La Banca Popolare Cinese ha annunciato oggi di avere sospeso gli acquisti di bond e che li riprenderà “al momento opportuno, in considerazione della domanda e dell’offerta sul mercato sovrano”. La mossa sarebbe stata decisa dall’istituto per offrire sostegno allo yuan, il cui tasso di cambio contro il dollaro è scivolato ai minimi da 16 mesi a 7,33. Perde il 4,4% da fine settembre, quando il cambio aveva toccato un minimo di 7,01. A seguito della decisione, i rendimenti sovrani sono risaliti lungo la curva: +0,08% per la scadenza a 5 anni, +0,04% per quella a 10 anni e +0,05% per il trentennale.
Pechino teme fuga dei capitali
Gli analisti stimano che la Banca Popolare Cinese dovrebbe – ma a questo punto dovremmo dire avrebbe dovuto – acquistare quest’anno bond governativi per 3.000 miliardi di yuan, circa 409 miliardi di dollari, al fine di iniettare liquidità sul mercato e sostenere la crescita economica. Tuttavia, Pechino sta notando come i rendimenti stiano risalendo presso gli altri principali mercati, Nord America ed Europa in testa. Un disallineamento tra i bond cinesi e quelli delle altre grandi economie accelererebbe la fuga dei capitali e metterebbe ulteriore pressione sul cambio.
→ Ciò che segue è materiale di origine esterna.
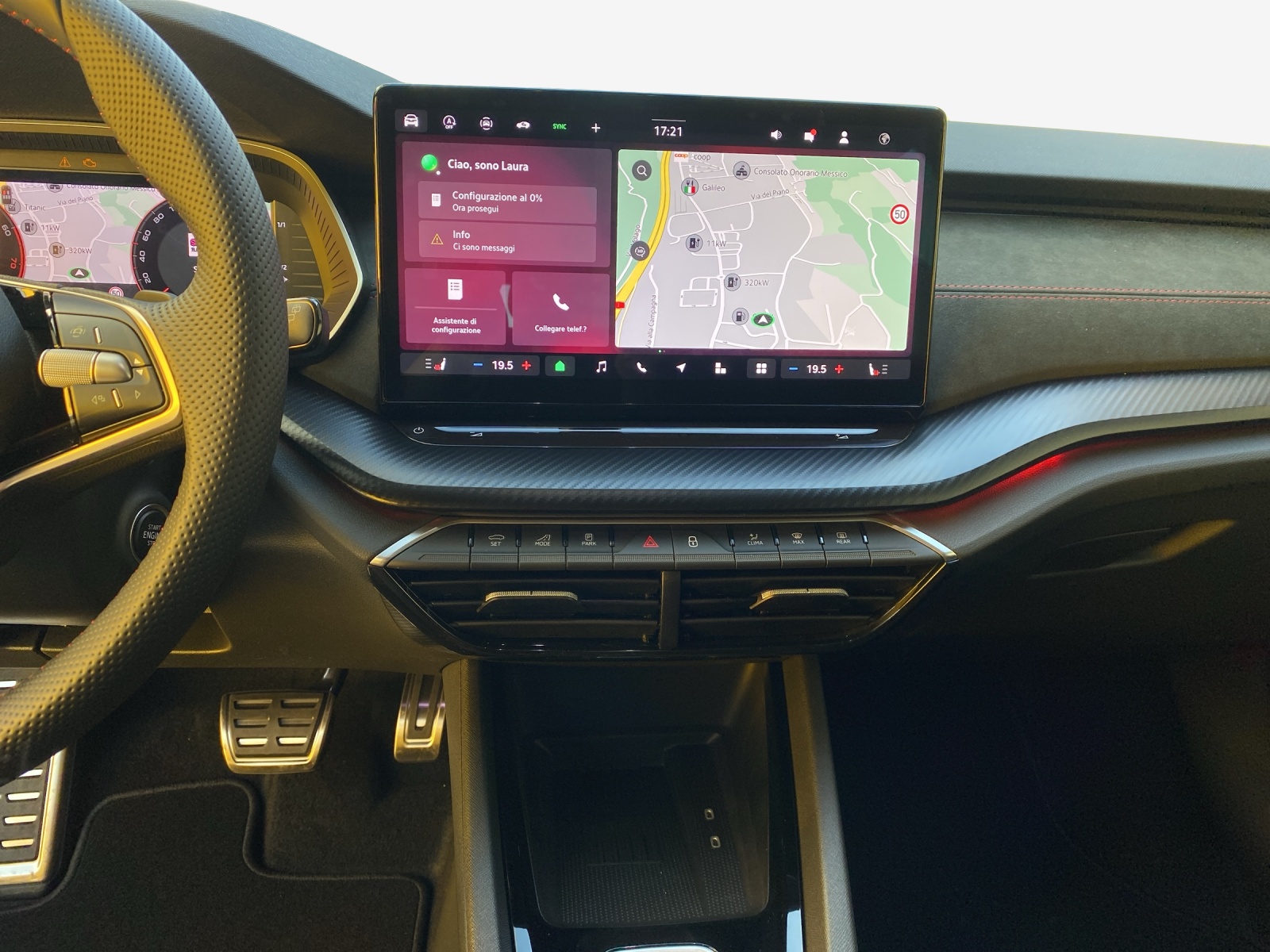 SKODA Octavia Combi 2.0 TSI DSG RS 30 Years Edition-image-12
Timori in Cina per sindrome giapponese
Si è speculato in questi mesi che la Cina persegua appositamente uno yuan più debole, al fine di neutralizzare almeno in parte la minaccia dei dazi del presidente eletto Donald Trump. Tuttavia, la sua banca centrale ha segnalato di recente l’esatto contrario, fissando il tasso di cambio iniziale giornaliero a livelli più forti di quelli del mercato. Il presidente Xi Jinping sarebbe contrario all’indebolimento, in quanto punterebbe a rendere lo yuan una valuta stabile e di riferimento credibile per l’Asia.
La mossa della Banca Popolare Cinese non avrebbe a che vedere soltanto con lo yuan.
Yuan arma negoziale di Xi con Trump
Infine, l’intervento a sostegno indiretto dello yuan può essere considerato un ramoscello di ulivo porto da Pechino a Trump alla vigilia dell’inaugurazione. Un segnale che la Cina non intenda scatenare una guerra valutaria e cerchi il dialogo per risolvere le divergenze commerciali. Del resto non possiamo affermare che i movimenti attorno allo yuan siano diretta conseguenza della volontà di Pechino. Euro e sterlina in questi mesi hanno fatto di peggio contro il dollaro. Il deprezzamento è legato alle aspettative del mercato, oltre che ai fondamentali macro. Ciò non toglie che Xi possa evocare l’arma della svalutazione nel caso in cui le trattative con Trump andassero male. Con un’inflazione interna azzerata, può permettersi di manovrare il cambio per un po’.